Brief descriptive captions:

================

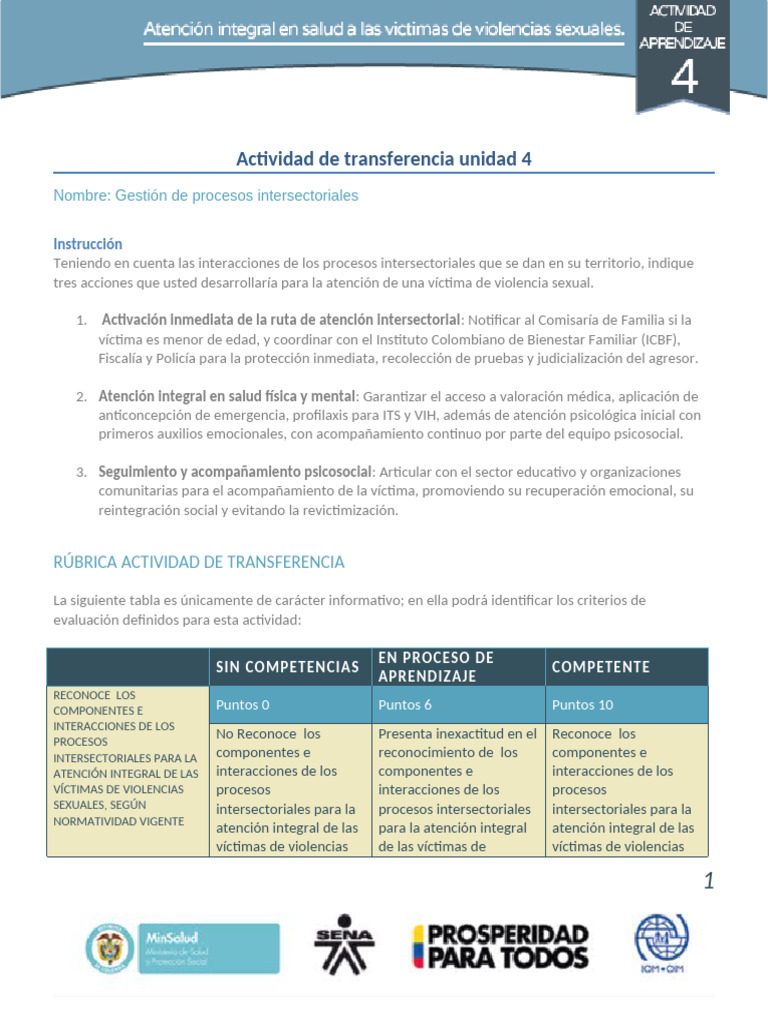 Atención Integral a Víctimas de Violencia Sexual | PDF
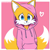 Size: 2048x2048 | Tagged: safe, ai art, artist:mobians.ai, miles "tails" prower, border, hand in pocket, heart, hood up, hoodie, looking at viewer, pink background, prompter:taeko, simple background, smile, solo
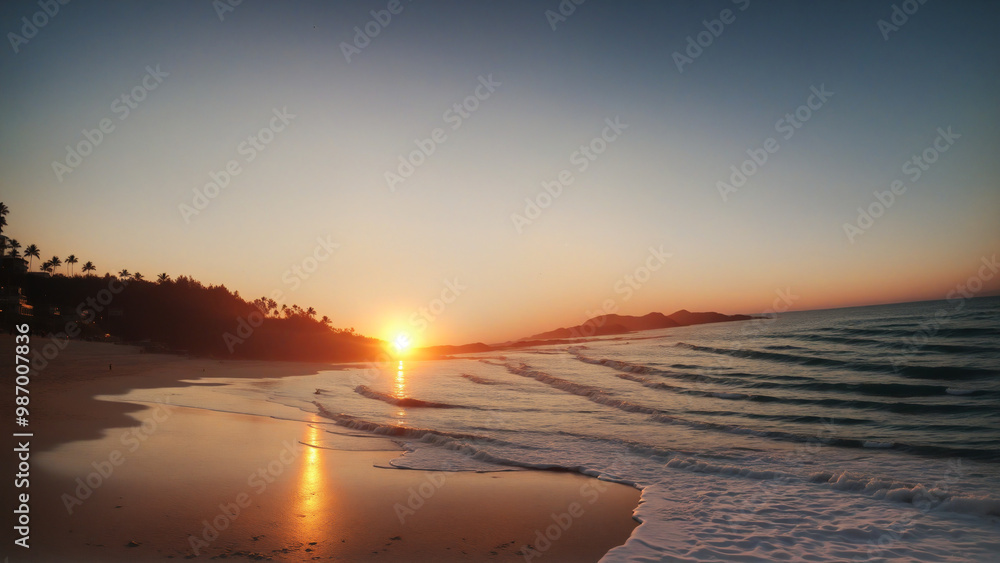 Obraz premium A Sunset on the Shore: A Natural Masterpiece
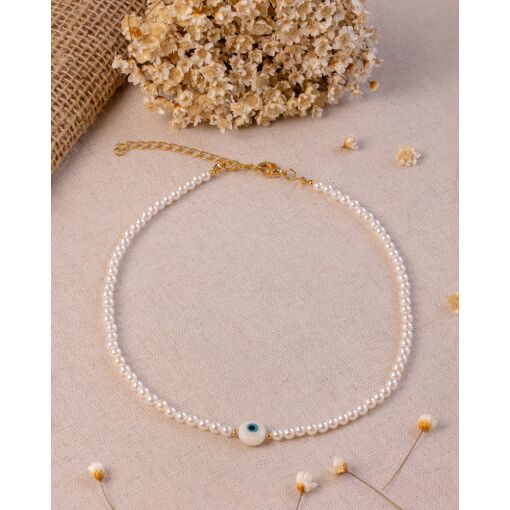 Colar Banhado A Ouro 18K Com Pérola Sintética Olho Grego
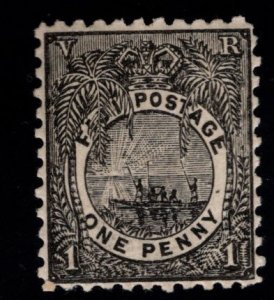 Fiji Scott 54 MH*  1893 Fijian canoe stamp perf 11,  CV$22.50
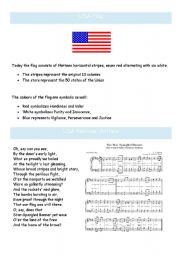 USA flag and national anthem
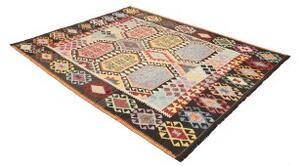 Tappeto Kilim Stilizzato Marrone Scuro Multicolore 184x233 Cm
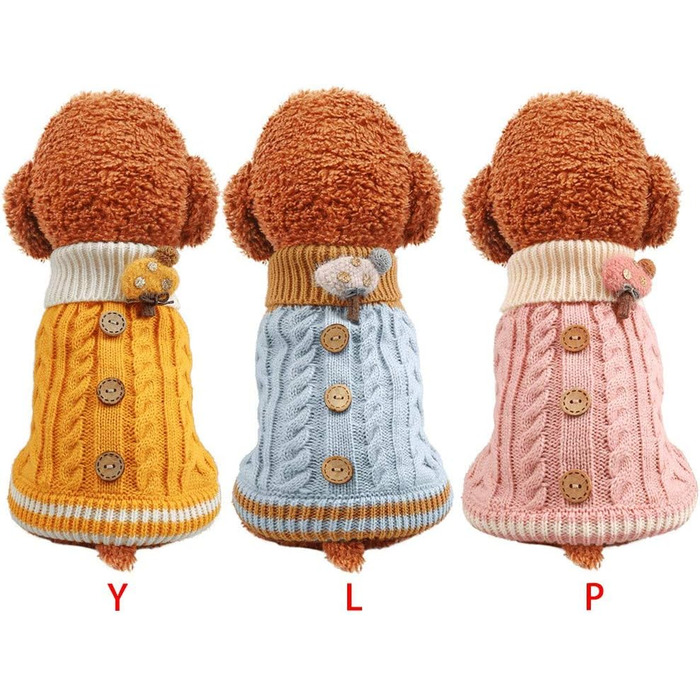 Теплий зимовий пуловер для собак Doubleer: стильний та зручний одяг для маленьких та середніх собак (рожевий, блакитний, жовтий)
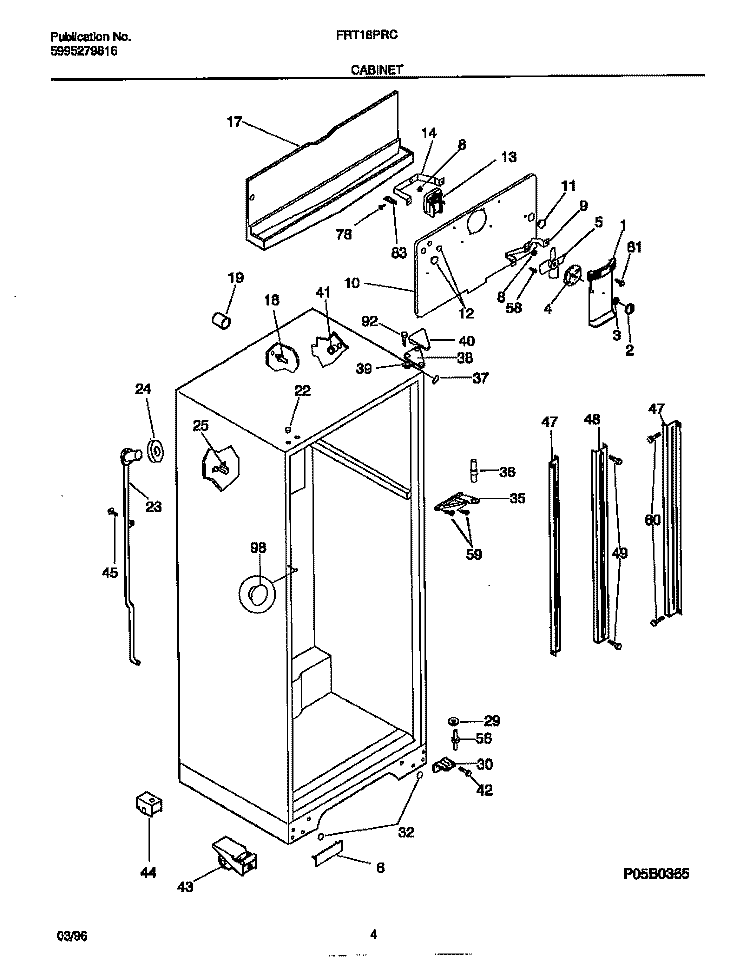 CABINET Diagram and Parts List for FRT18PRCD3  Frigidaire Refrigerator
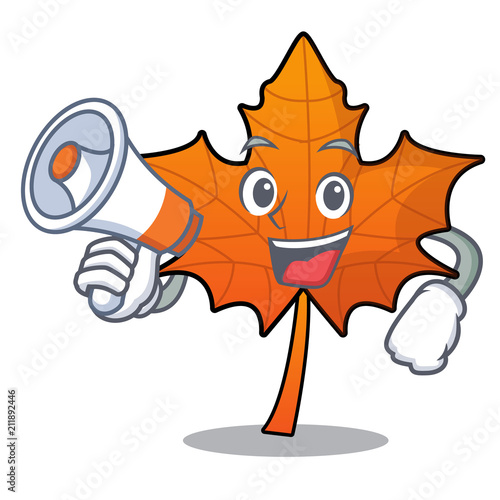 With megaphone red maple leaf character cartoon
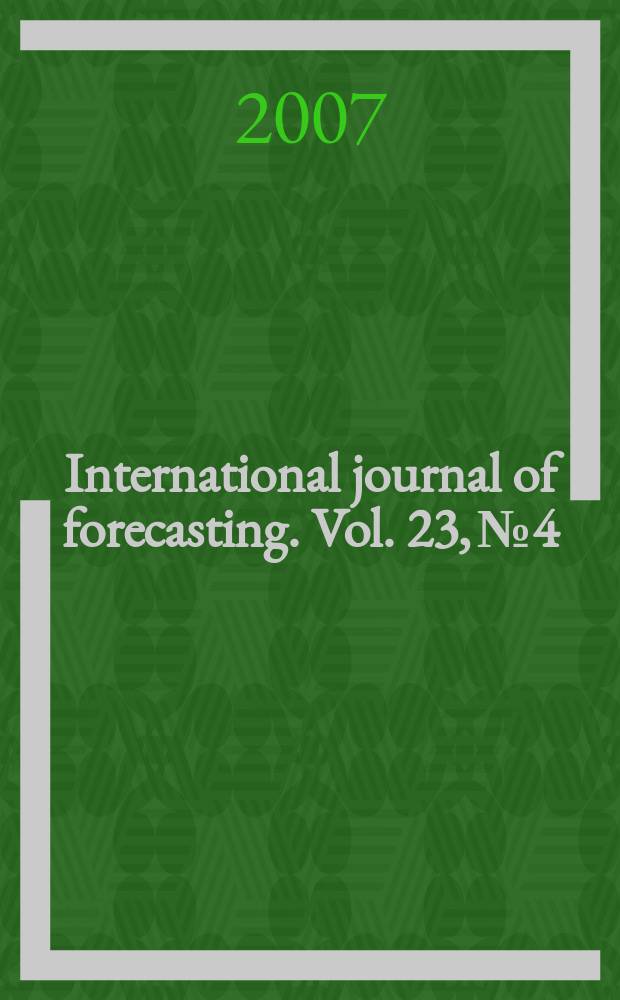 International journal of forecasting. Vol. 23, № 4 : Global income growth in the 21st century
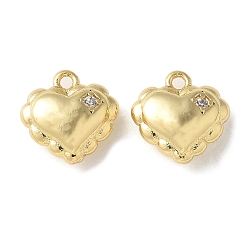 Настоящее золото 18K Латунные микро проложить кубического циркония подвески, сердце прелести, прочное покрытие, без кадмия и без свинца, реальный 18 k позолоченный, 9.5x9.5x4 мм, отверстие : 1.2 мм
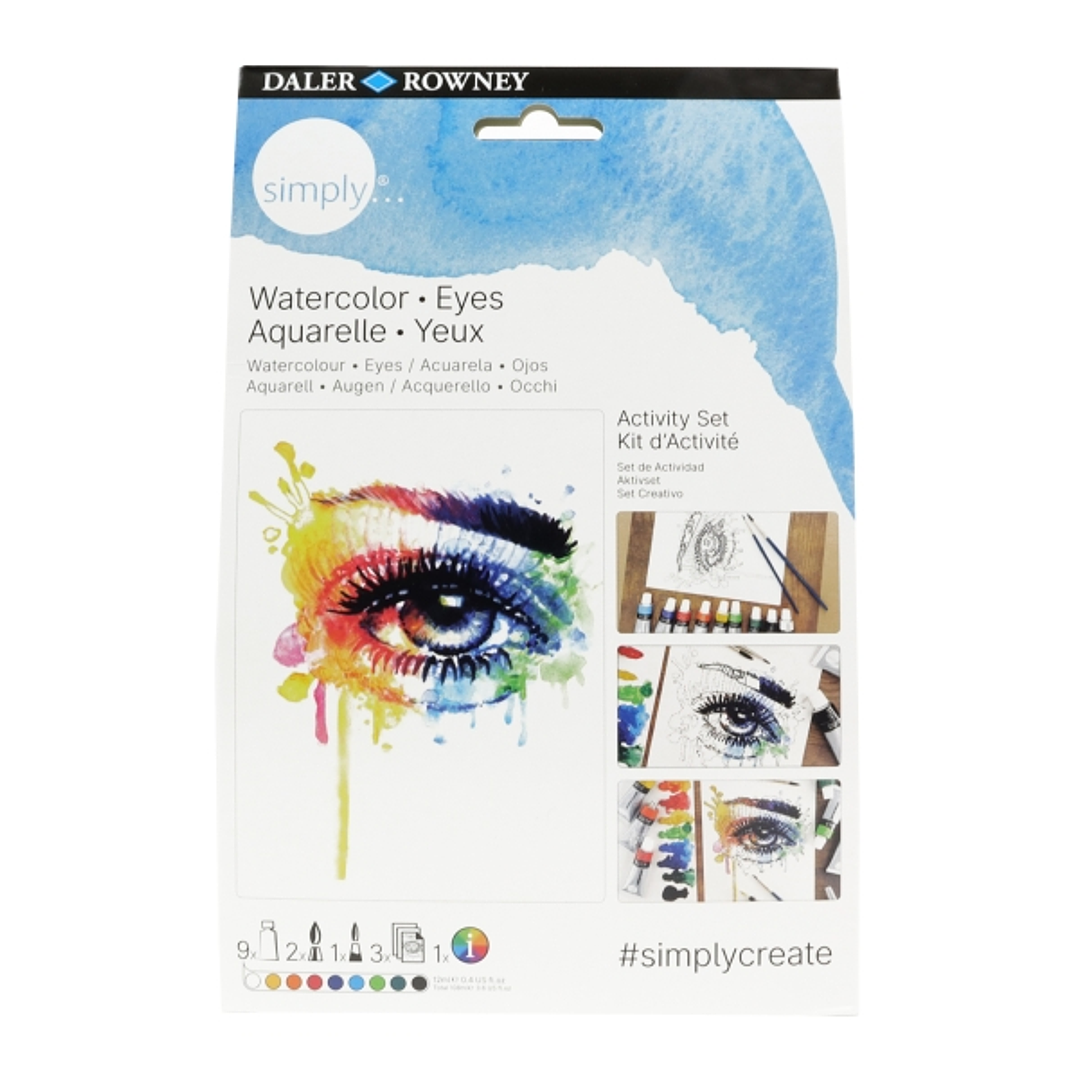 Daler Rowney Simply Activity Pack de 16 Piezas - Acuarela - Tematica Ojos - Colores Surtidos 1
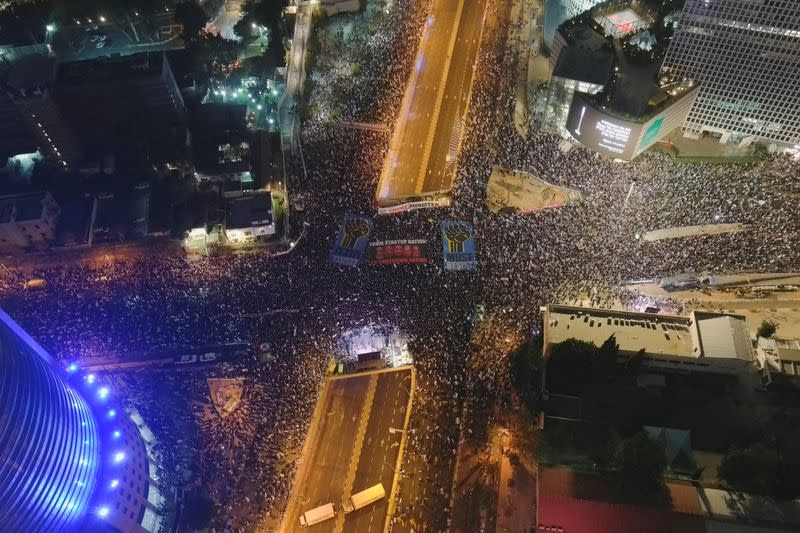 Protests against Israel's judicial overhaul, in Tel Aviv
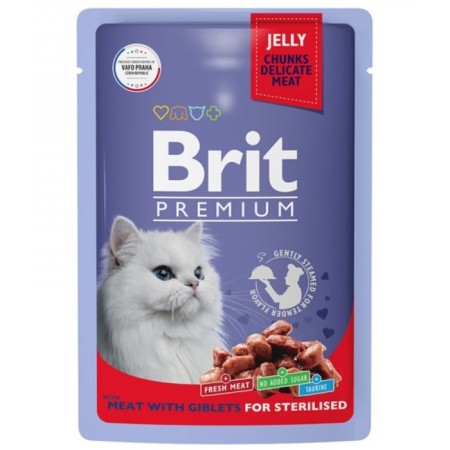 Wet Brit Premium food for sterilized cats, meat assorted with giblets, jelly, 85g 938379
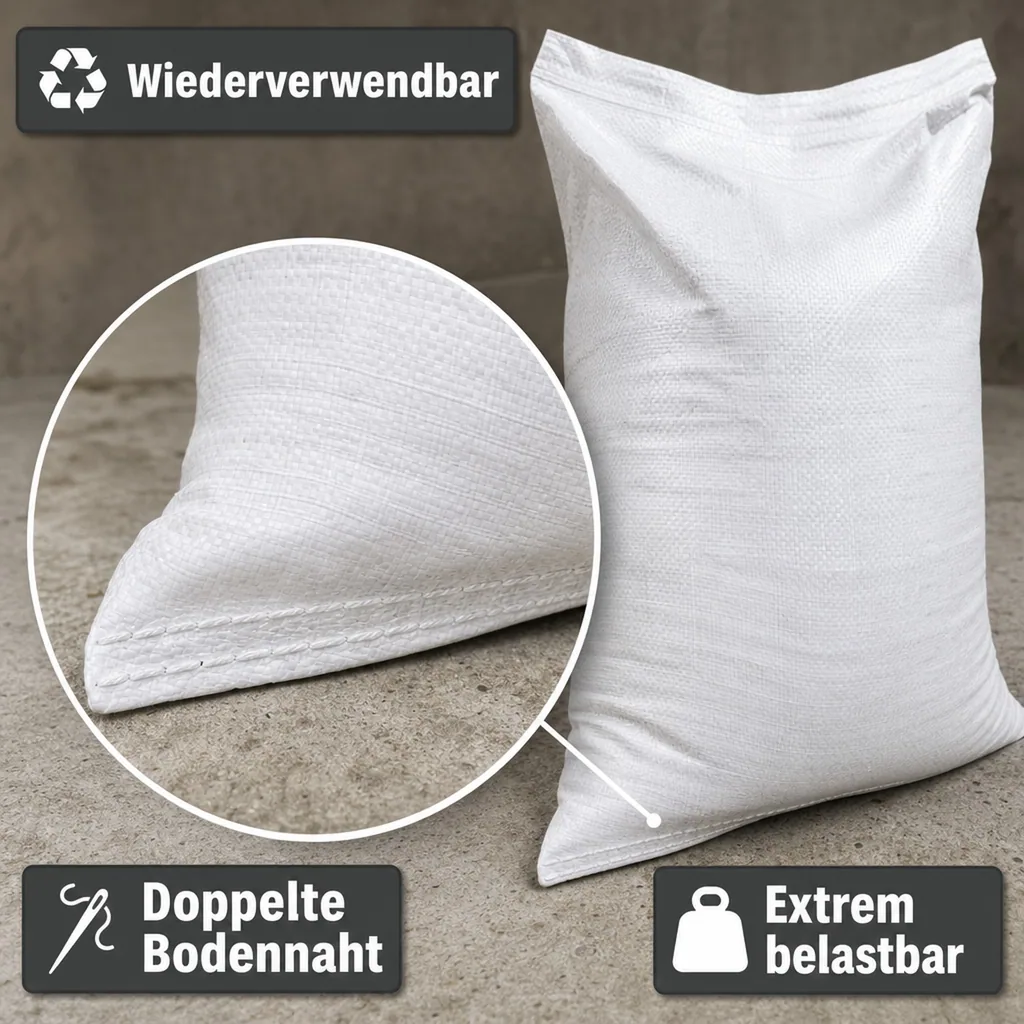 Gewebesack, PP Sack 90x140cm, Schuttsack, Schwerlastsack, 230L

================

### WHAT THE EXERCISE ASKS
Set down word for word the lines from the first entry through the line with "Obraz premium A", both included, omitting pictures.

### SOLUTION TO THIS TASK
 Atención Integral a Víctimas de Violencia Sexual | PDF
 Size: 2048x2048 | Tagged: safe, ai art, artist:mobians.ai, miles "tails" prower, border, hand in pocket, heart, hood up, hoodie, looking at viewer, pink background, prompter:taeko, simple background, smile, solo
 Obraz premium A Sunset on the Shore: A Natural Masterpiece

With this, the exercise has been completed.